By all accounts, it was a labor-intensive, but highly-rewarding process. Clune had an on-site staff of eight to handle the project.

“There were a lot of moving parts and not only was it the traditional trade people, we were also working into the schedule certain equipment and finishes that were brought in from Europe,” Dahlstrom said. “There was the bread oven from Spain. There was a pizza oven from France. We had all this equipment that was coming in, we had tile that was coming in and we had the millwork that was made in Italy and installed by Italian carpenters for several months concurrent with our construction.” But that, he said, was part of the charm of the project, recalling hearing Italian work crews speaking in their native tongue. “That was pretty cool.”

Neither Clune nor Eataly would disclose the budget and final cost of the L.A. Eataly buildout.

The fusion of old world and the new—a standard Eataly approach—is evident not only in the mixed crews that constructed the property, but the products and other offerings in L.A.

Like other Eatalys, there are markets scattered on the main floor dedicated to cheese and cured meats, seafood, bread, cut meats and pastries, as well as a large selection of fresh produce and imported Italian groceries.
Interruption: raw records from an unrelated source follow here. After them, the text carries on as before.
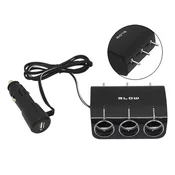 Blow 96-878# Razdelilnik za vžigalnik cigaret 1x vtič/3x vtičnica+usb cs-34 s stikali + kabel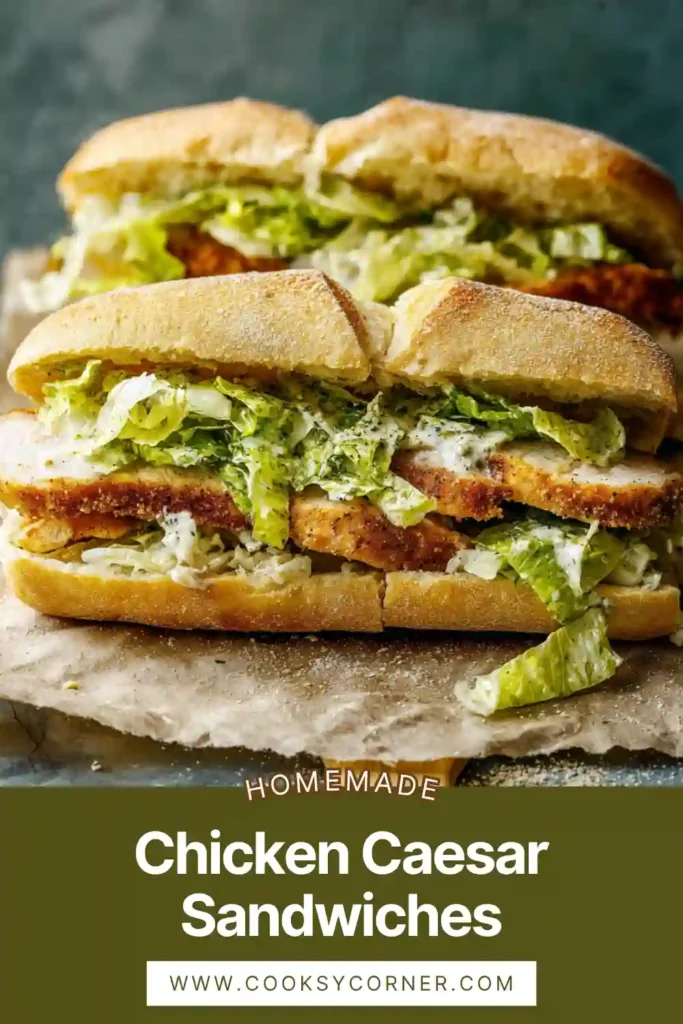 Golden fried chicken layered with Caesar dressing and lettuce inside a toasted baguette sandwich. Delicious and easy lunch idea.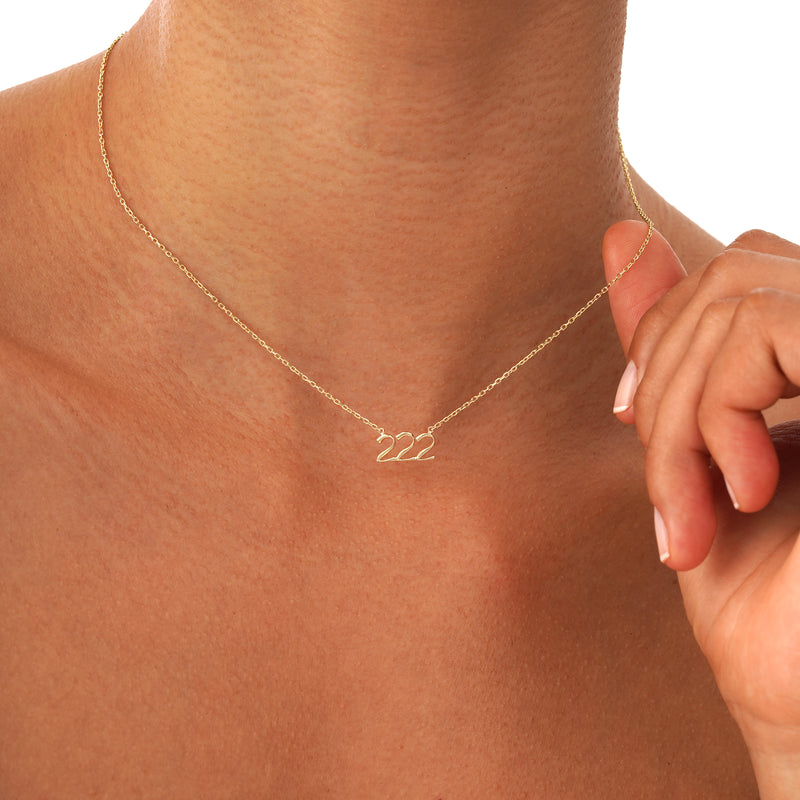 Gold Angel Number 222 Necklace, Nythara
Three restaurants—the seafood-oriented Il Pesce Cucina, La Pizza, dedicated to Neapolitan-style pizza, and La Pasta, (self-explanatory)—are arranged around floor-to-ceiling windows offering a view of palm-tree-lined Santa Monica Boulevard and the hills of Century City and beyond. Eataly L.A., like other locations, enlists local talent among its roster of culinary masters. (Aside from co-founder Mario Batali, whose products were pulled from its shelves in response to sexual assault allegations leveled at the famous chef.) Acclaimed local chef and restaurateur Michael Cimarusti and his co-owner Donato Poto of Providence helm the seafood restaurant. L’Orto dello Chef, Eataly’s take on the salad bar, which was first introduced at their Downtown New York location, will be helmed with a rotating collaboration with local chefs. Currently, Jason Neroni of Venice’s iconic Rose Café, is curating its offerings.
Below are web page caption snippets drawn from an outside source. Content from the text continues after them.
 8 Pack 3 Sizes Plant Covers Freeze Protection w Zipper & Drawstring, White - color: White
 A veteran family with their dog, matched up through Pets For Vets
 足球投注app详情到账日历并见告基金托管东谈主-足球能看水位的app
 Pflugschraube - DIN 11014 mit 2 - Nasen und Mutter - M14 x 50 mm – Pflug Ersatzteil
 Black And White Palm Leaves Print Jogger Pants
In terms of firsts, Eataly L.A. is the only location where patrons can sit outside, with tables on an outdoor balcony offered to take advantage of the usually pleasant SoCal weather. It also is the only location thus far to offer Roman style pizza—thicker-crust oblong pies baked and served up on wooden pallets—which was doing well with the late-afternoon snacking crowd.
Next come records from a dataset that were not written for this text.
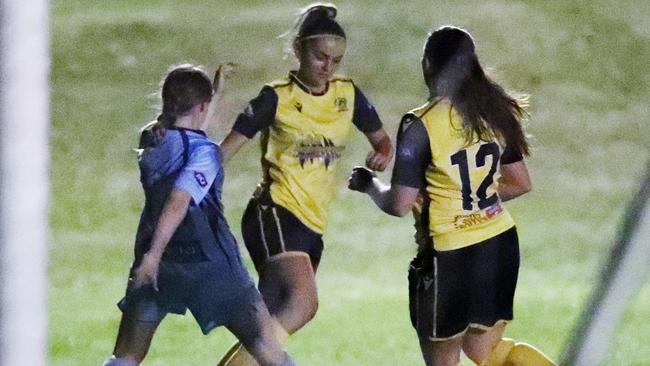 Tigers' Jemma Morrison brings the ball back from the edge of the pitch in the FNQ Premier League women's match between the JCU Strikers and the Edge Hill Tigers, held at JCU Oval, Smithfield. PICTURE: BRENDAN RADKE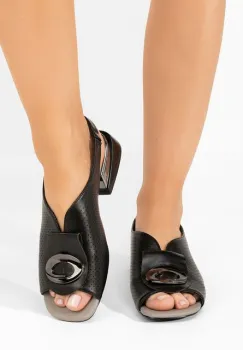 Sandale cu toc gros Nabuka negre imagine
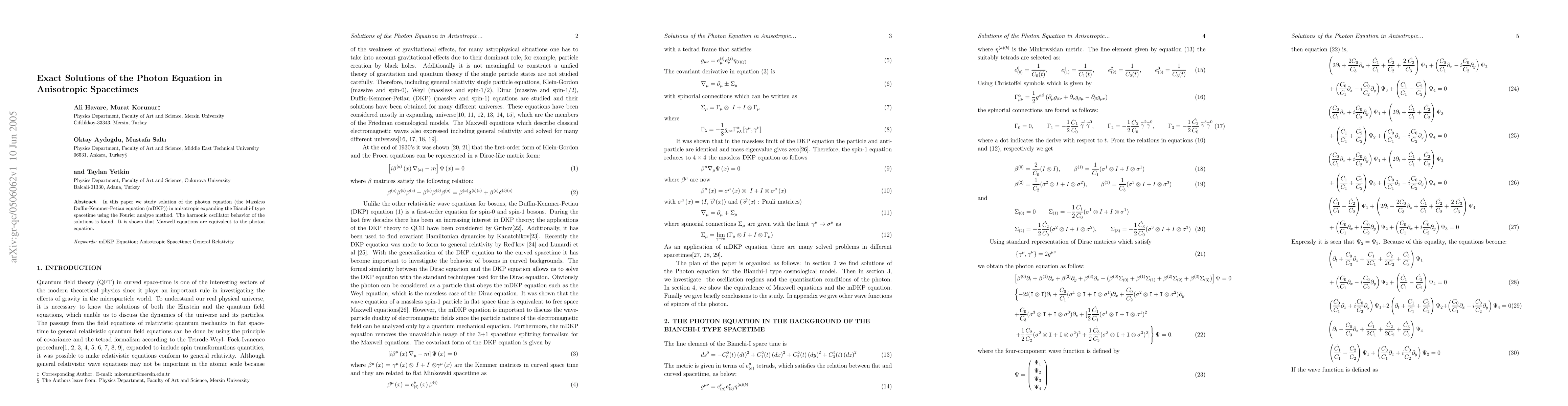 Thumbnail for Exact Solutions of the Photon Equation in Anisotropic Spacetimes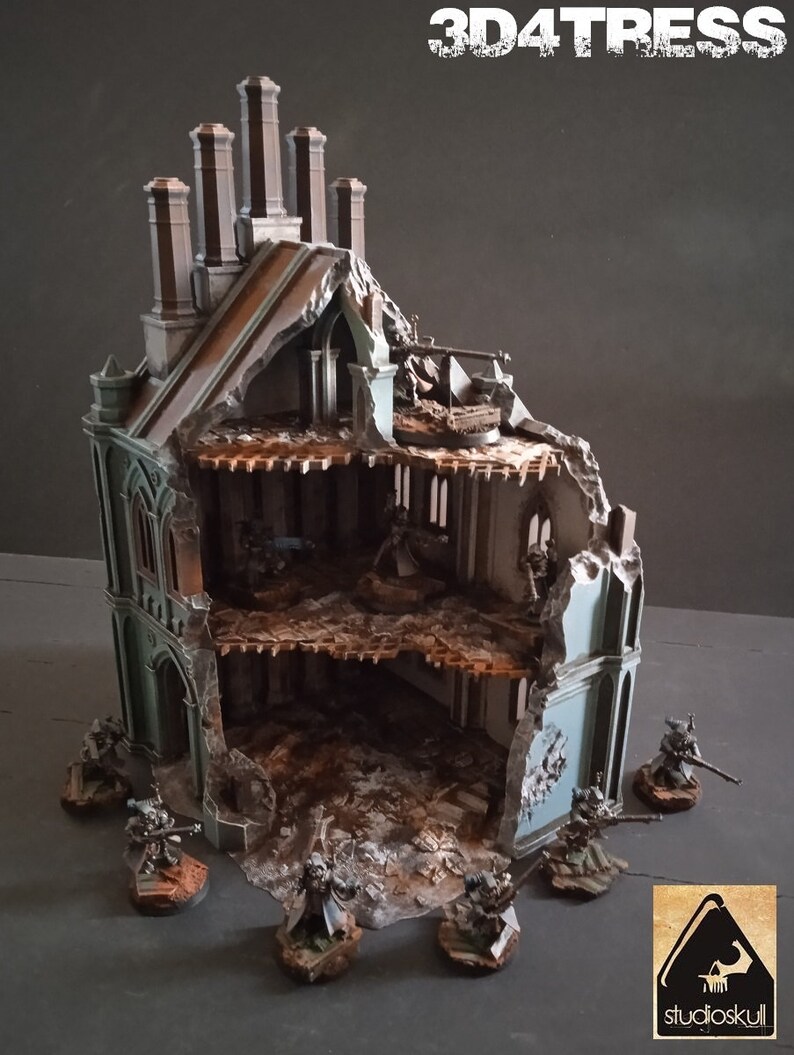 3D Printed Mansion Ruins C- Emerita Wargaming Gothic Scenery Terrain 28 ...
In a nod to California’s established new-world winemaking industry, the West Coast outpost features non-Italian wines for the first time for purchase.

“California and Italy share many similarities, including the climate, which allows us to be even more in touch with the community and pay homage to California’s rich wine tradition,” Saper said.

The West Coast market also offers an olive oil department reminiscent of olive oil tasting rooms and local artisan retailers like We Olive, where customers can sample and fill bottles of select product for purchase. In addition, Eataly L.A. carries the small-batch, hard-to-find White Moustache Yogurt, whose founder Homa Dashtaki makes 288, eight-ounce glass jars a day, filled by hand in a dairy room downstairs. Given the year-round produce available out West Coast, the L.A. outpost debuted the first-ever farmer’s market last Friday amid the usual fresh-ingredient offerings.

“We like to think of our stores as a family,” Saper said. “We are a brand, but each store is slightly different and has its own personality, just like siblings.”